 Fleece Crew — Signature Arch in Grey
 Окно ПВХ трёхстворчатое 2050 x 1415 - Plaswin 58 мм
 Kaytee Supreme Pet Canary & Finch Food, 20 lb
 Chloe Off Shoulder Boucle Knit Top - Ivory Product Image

⁂

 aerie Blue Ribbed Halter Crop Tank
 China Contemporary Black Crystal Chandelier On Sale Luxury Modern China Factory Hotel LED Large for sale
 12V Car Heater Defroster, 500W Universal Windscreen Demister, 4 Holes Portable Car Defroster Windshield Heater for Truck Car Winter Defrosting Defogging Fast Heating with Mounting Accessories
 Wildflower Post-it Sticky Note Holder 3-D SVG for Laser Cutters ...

⁂

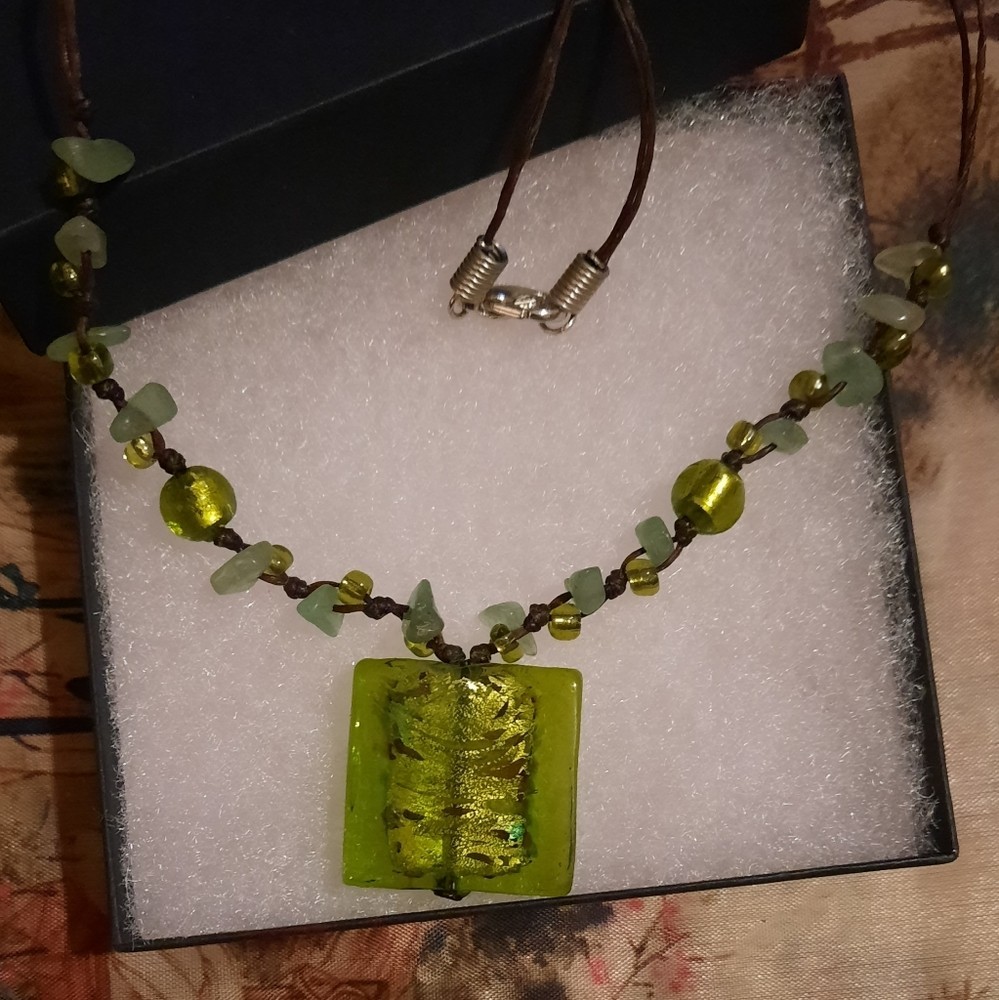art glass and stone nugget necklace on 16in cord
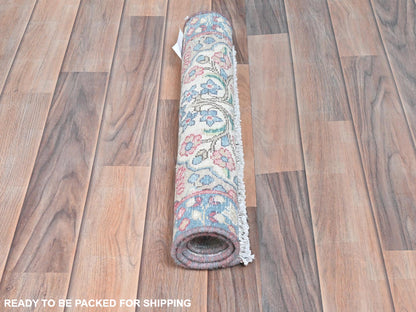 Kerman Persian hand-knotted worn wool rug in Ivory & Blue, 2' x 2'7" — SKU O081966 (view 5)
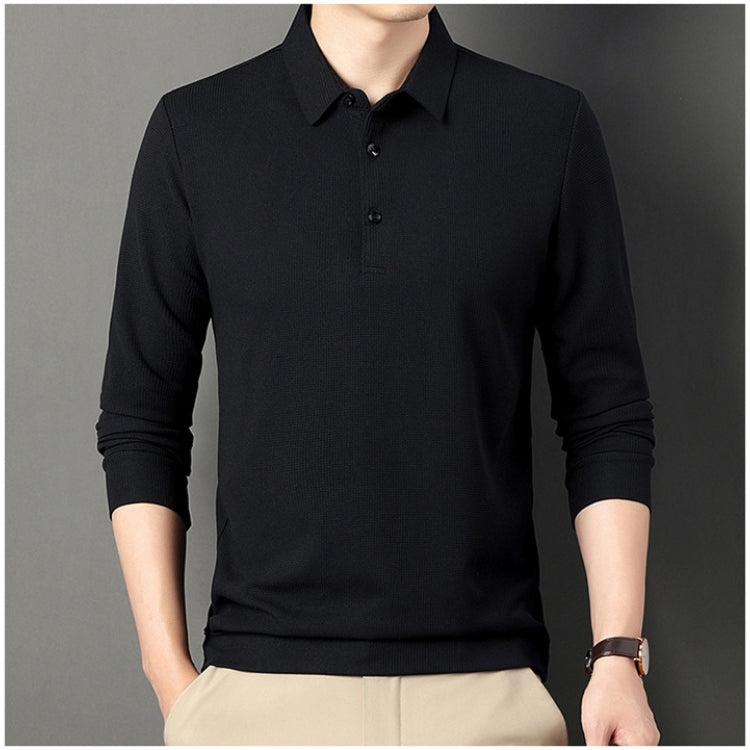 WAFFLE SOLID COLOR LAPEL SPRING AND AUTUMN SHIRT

⁂

Only one part of the listing is wanted: the lines from the one containing "art glass and" through the one containing "WAFFLE SOLID COLOR", both included. Please transcribe it exactly, leaving out the pictures.

* THE ANSWER *
art glass and stone nugget necklace on 16in cord
 Kerman Persian hand-knotted worn wool rug in Ivory & Blue, 2' x 2'7" — SKU O081966 (view 5)
 WAFFLE SOLID COLOR LAPEL SPRING AND AUTUMN SHIRT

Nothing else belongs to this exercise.